LOVE IS JESUS CHRIST! True love is found in Christ alone. It isn't until after we have received His gift of new life by accepting death in our place, and accepting His forgiveness of sins......will you be ready for this REAL LOVE DARE!

If you are reading this blog, and focusing on your own marriage, know that the next statement that I make is from the book, however, it is my life story...and maybe yours. Everything I Have failed at and haven't been able to do, every minute I have wasted trying to fix things my own way - all of it is now forgiven and made right by putting my life into the hands of the One who first gave it to me.

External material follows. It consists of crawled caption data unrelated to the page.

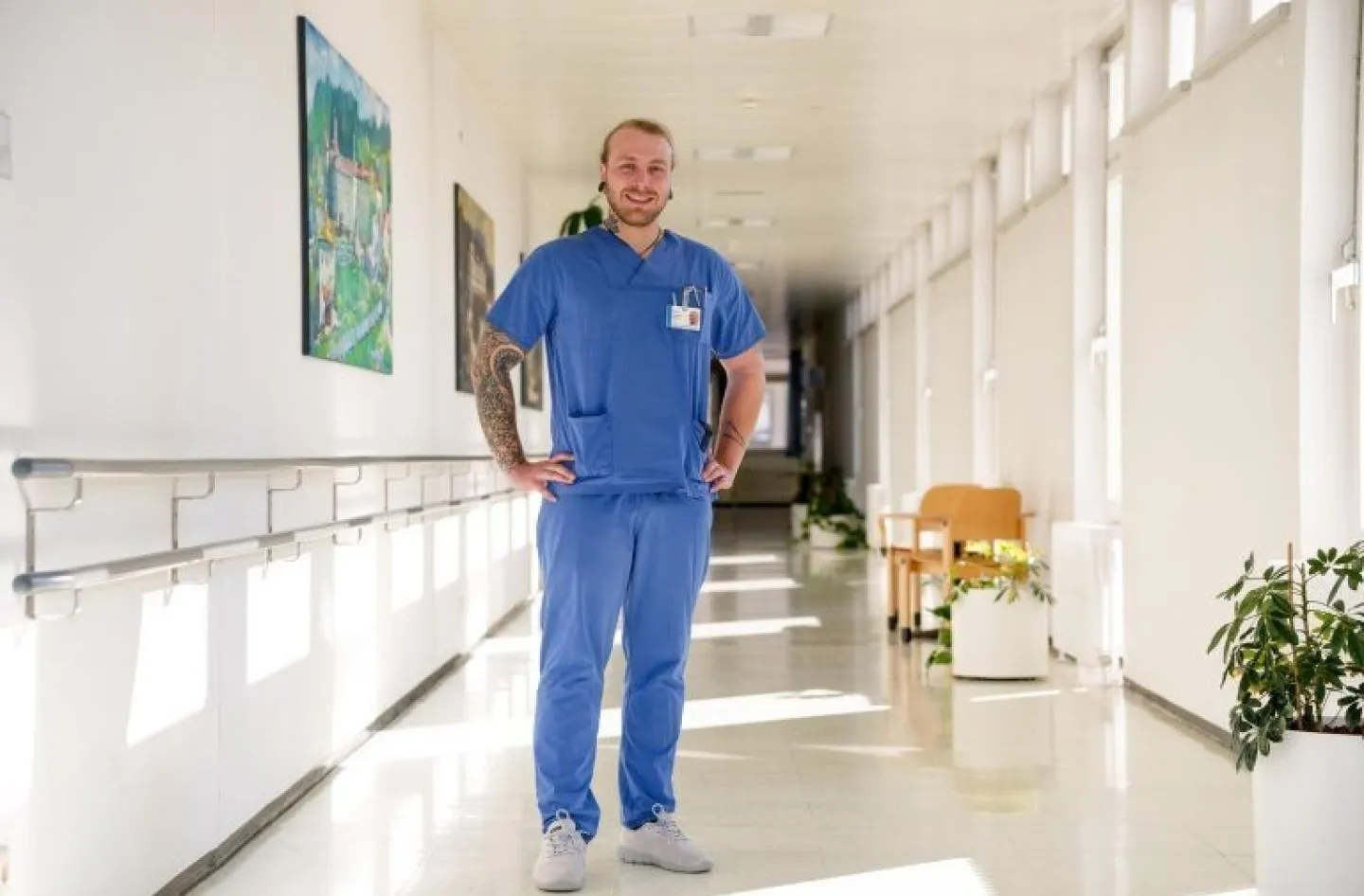 Andreas Reutz steht im Gang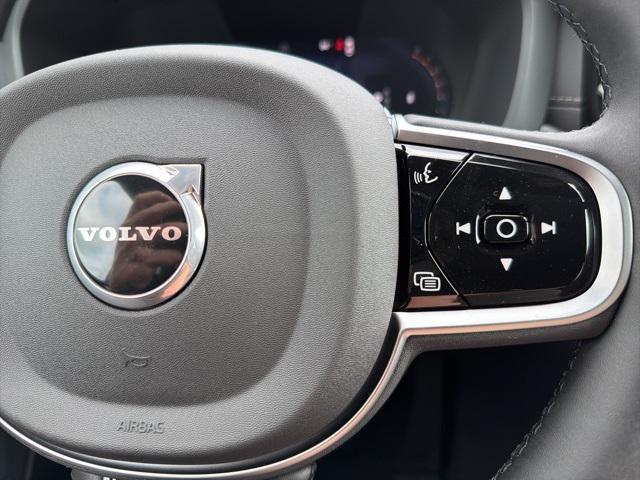 Photo of 2026 Crystal White Metallic Volvo XC60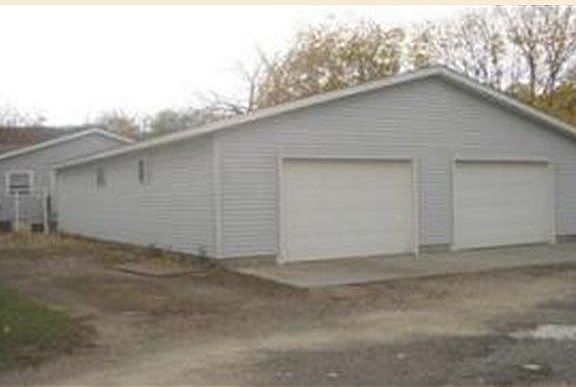 2nd image of 510 12th  E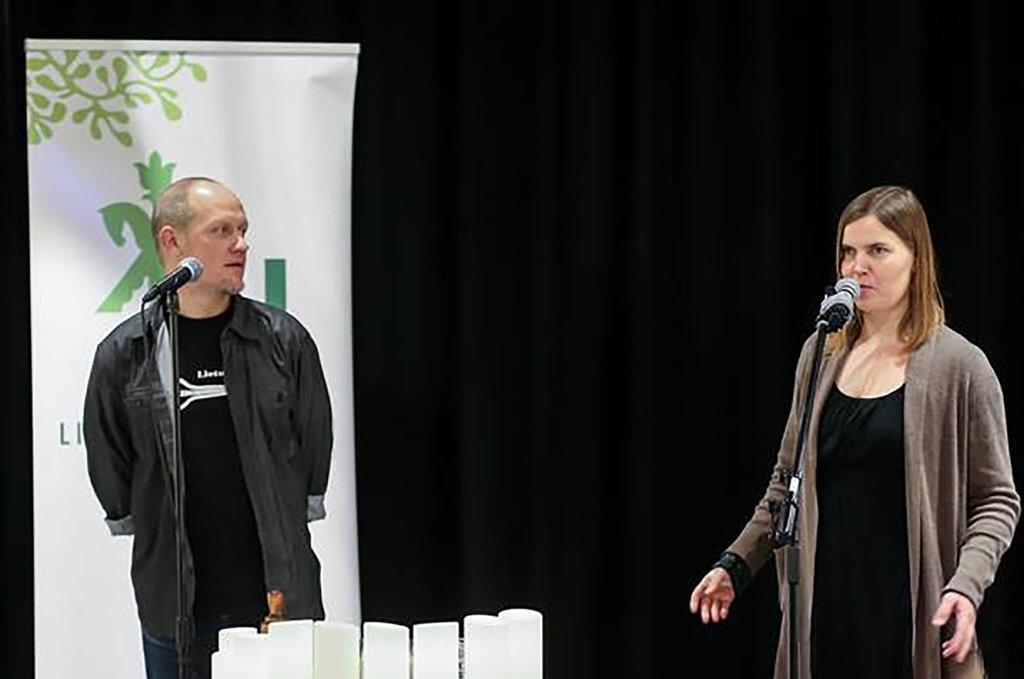Oslo lietuvių namuose – ukmergiškių duetas / Dambrelininkai Kristina ir Egidijus Daruliai koncertavo Norvegijos lietuviams. Asmeninio archyvo nuotr.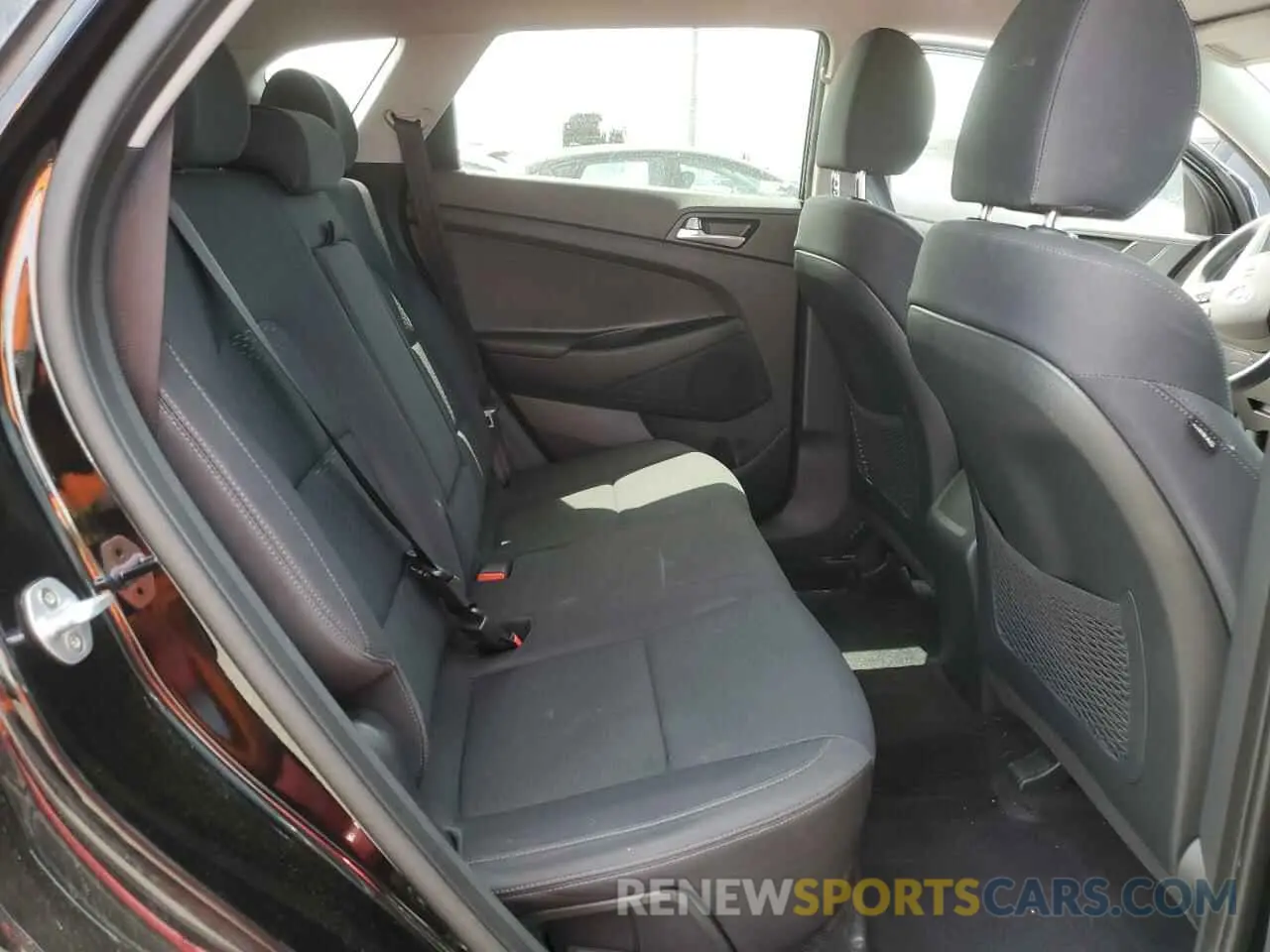 11 fotografías del automóvil dañado KM8J23A47KU974924 HYUNDAI TUCSON 2019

We are born sinful. "Behold, I was brought forth in iniquity, and in sin my mother conceived me" Ps 51:5 We are all sinners. That doesn't mean we must make an excuse for sin. If you are Christian, we know better. But the truth is, we all sin. It isn't like God sends innocent people to hell! We all deserve it. One sin isn't worse than another. They are all equal in God's eyes, and Satan's eyes. The smallest thing, like a lie, is probably the worst! As Cory said in Sunday school yesterday, lying is a gateway sin. If satan can get you there, he can gradually get you anywhere. However, God sent His only son so that we might live through him. By His death, he made invalid the idea that we are unloved because of our sin. Sometimes, I admit, I feel that way. I look to this world for love...and even to my husband. But here is the key, if I ever feel that way, my eyes are off the CROSS. All the love I will ever need in this life, should come from the CROSS!

Love like that can't be understood. Love like that can't be earned. Love like that must be received.....And when we get this, we are free to love in ways we are not capable of. Love for my spouse comes from God! No from some little lustful love I once had. True genuine love...which means doing things for him when I don't want to. - Which means, taking him to eat sushy today (yuck). Which means not going in to work on a day off - just to spend time with him. It means putting him first. Finding ways to love him, because God loves him, and God wants me to reveal His love for Cory through me! What an awesome task God has assigned to me!

1 John 4:8 says, the one who does not love does not know God, for God is love. This means I now share the same type of love with Cory. For those reading this and even the moments where I feel Cory is distracted, I must show love even when it isn't shown in return. Doesn't God do that for us over and over again? I can see his flaws and imperections, and still chose to love him. Although I will never be able to meet their needs like God can, I can be used as instrument for God's work. Now until death...and even in death!

So I say it again:
True love is found in Christ alone. It isn't until after we have received His gift of new life by accepting death in our place, and accepting His forgiveness of sins......will you be ready for this REAL LOVE DARE!

Sunday, January 16, 2011

Day 19: Love is Impossible

DARE: Look back over the dares from the previous days. Were there some that seemed impossible to you? Have you realized the need for God to change your heart and to give you the ability to love? Ask for him to show you where you stand with him, and ask for the strength and grace to settle your eternal destination.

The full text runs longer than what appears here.